# TASK PROMPT
In the entries below, find the line with "Imagen 50 años Combo de las Estrellas (8)" and the line with "Bague Trilogie en"; give again those lines and every line between them, exactly.

# DATA FOR PROCESSING
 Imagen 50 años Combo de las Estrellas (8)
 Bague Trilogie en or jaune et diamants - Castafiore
---
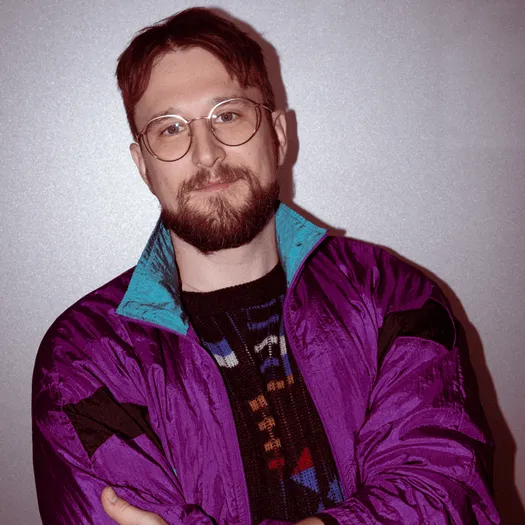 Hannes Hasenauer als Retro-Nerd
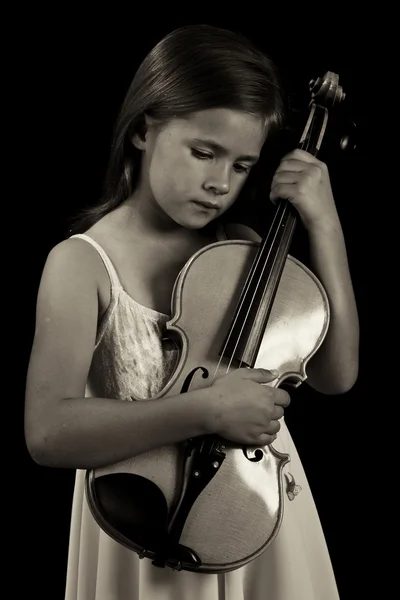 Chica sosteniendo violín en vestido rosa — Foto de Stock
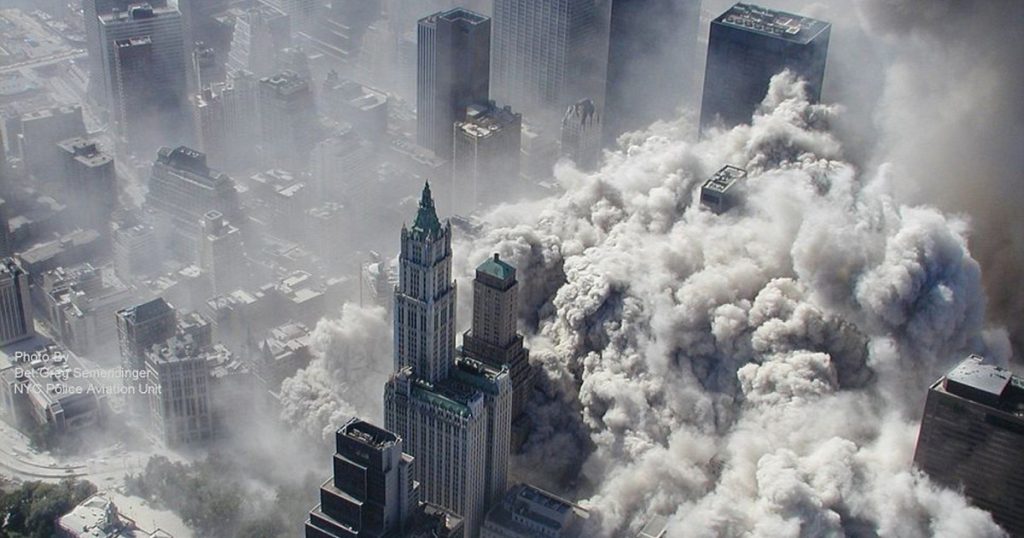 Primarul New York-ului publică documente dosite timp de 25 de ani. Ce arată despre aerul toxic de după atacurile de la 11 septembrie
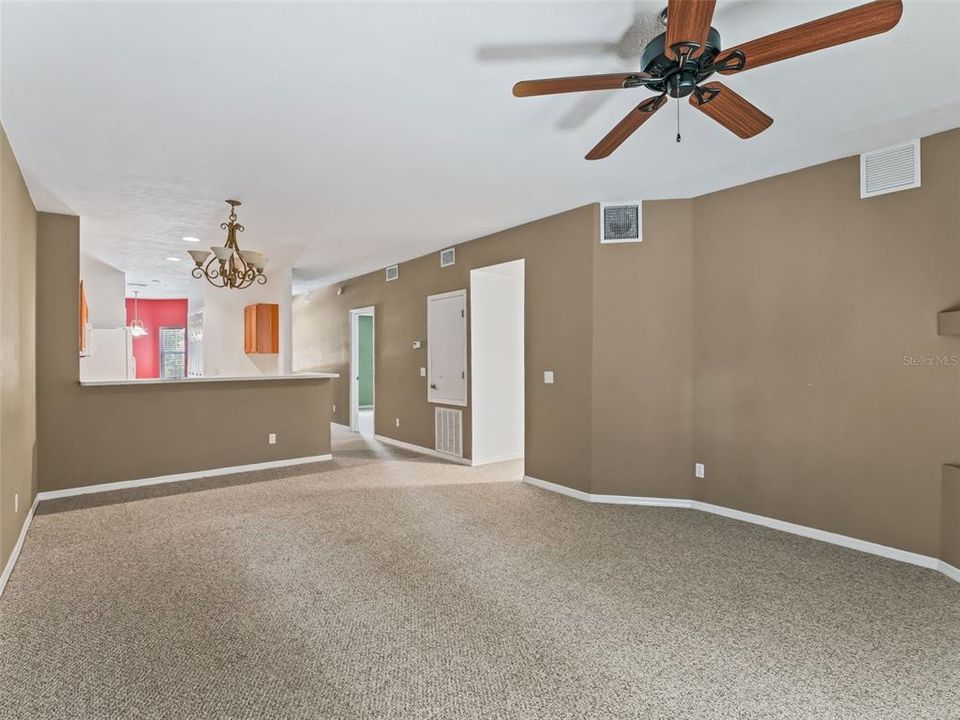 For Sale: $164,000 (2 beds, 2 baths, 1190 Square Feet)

# YOUR SOLUTION
 Imagen 50 años Combo de las Estrellas (8)
 Bague Trilogie en or jaune et diamants - Castafiore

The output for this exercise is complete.